If I have atomic_bool flag;
, how can I write C code to toggle it that's atomic, portable, and efficient? Regarding "efficient", I'd like it to assemble on x86_64 to lock xorb $1, flag(%rip)
. The "obvious" flag = !flag;
is out because it isn't actually atomic. My next guess would be flag ^= true;
, which assembled to this mess on GCC:
movzbl flag(%rip), %eax
0:
movb %al, -1(%rsp)
xorl $1, %eax
movl %eax, %edx
movzbl -1(%rsp), %eax
lock cmpxchgb %dl, flag(%rip)
jne 0b
And this mess on Clang:
movb flag(%rip), %al
0:
andb $1, %al
movl %eax, %ecx
xorb $1, %cl
lock cmpxchgb %cl, flag(%rip)
jne 0b
Then I tried specifying a weaker memory order by doing atomic_fetch_xor_explicit(&flag, true, memory_order_acq_rel);
instead. This does what I want on Clang, but GCC now completely fails to compile it with error: operand type '_Atomic atomic_bool *' {aka '_Atomic _Bool *'} is incompatible with argument 1 of '__atomic_fetch_xor'
. Interestingly, if my type is an atomic_char
instead of an atomic_bool
, then both GCC and Clang emit the assembly that I want. Is there a way to do what I want with atomic_bool
?
Mainly summarizing comments:
It looks like the only portable way to atomically toggle your atomic_bool
is flag ^= 1
. But as you noted, gcc and clang don't know how to optimize it, and fall back to the cmpxchg loop. If you want full portability and compliance I think you just have to put up with that, until such time as they fix their missed optimization, which you might want to report.
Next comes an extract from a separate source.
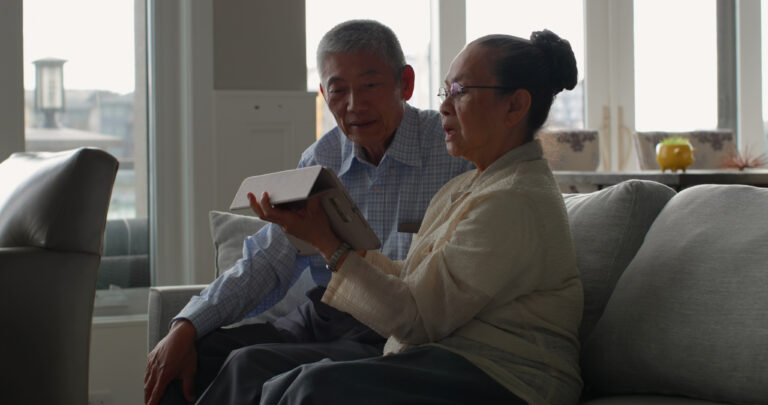 Retiree reviewing retirement account statement with RMD highlighted in bold”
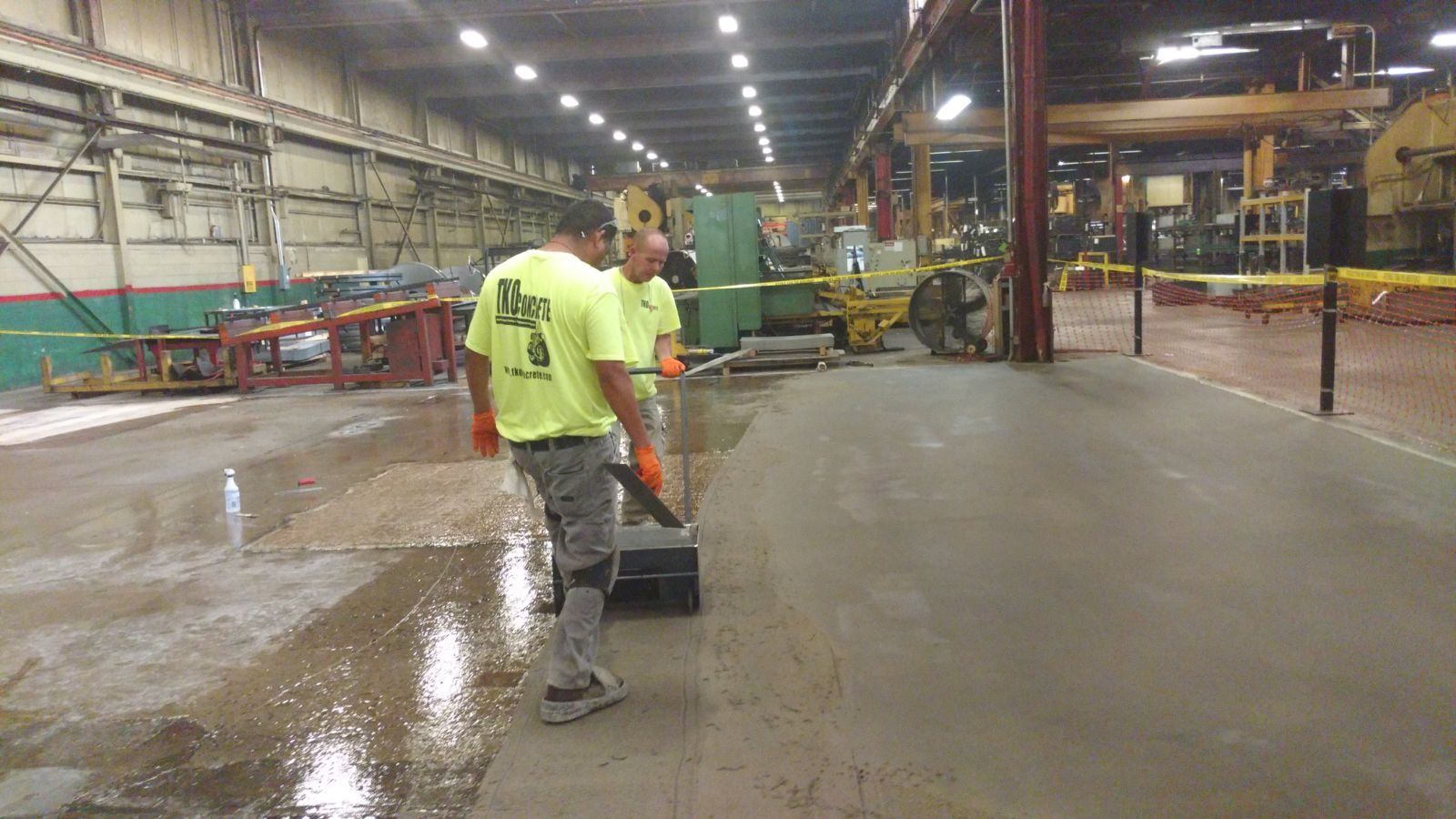 A group of men are standing in a large warehouse.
In principle, another option should be flag -= 1
or flag += -1
, which have the same truth table when nonzero values are treated as true. However, gcc compiles it to the same inefficient xor/cmpxchg code as flag ^= 1
, and clang actually miscompiles it: when flag == 0
, then flag -= 1
will set flag
to 0xff
which is invalid. It looks like this was reported several years ago but is still unfixed.
If you want a workaround, at least on x86 you should be able to do
atomic_fetch_xor((atomic_uchar *)&flag, 1);
I think it's okay for strict aliasing because atomic_uchar
is a character type. In practice it is most likely fine anyway, because an atomic access shouldn't be optimized away. To be safe, check the assembly that is generated, or just go ahead and replace the whole thing with the appropriate one-liner of inline asm.
It's a nice touch that clang extends the atomic_fetch_*
functions to work on atomic_bool
, even though the C standard doesn't support it (7.17.7.5p1: "None of these operations is applicable to atomic_bool
.") I don't really understand why the standards committee included that exception. All those operations still have to be available on atomic_bool
via the compound assignment operators, so omitting them from atomic_fetch_*
serves only to deprive the programmer of being able to use any weak memory ordering, without making life any easier for the implementation.
For similar reasons, I also don't understand why they didn't provide atomic_fetch_*
for the remaining compound assignment operators. atomic_fetch_mul
might not be that useful, but since *=
has to work, it shouldn't cost the implementation anything to speak of, and the consistency would be nice.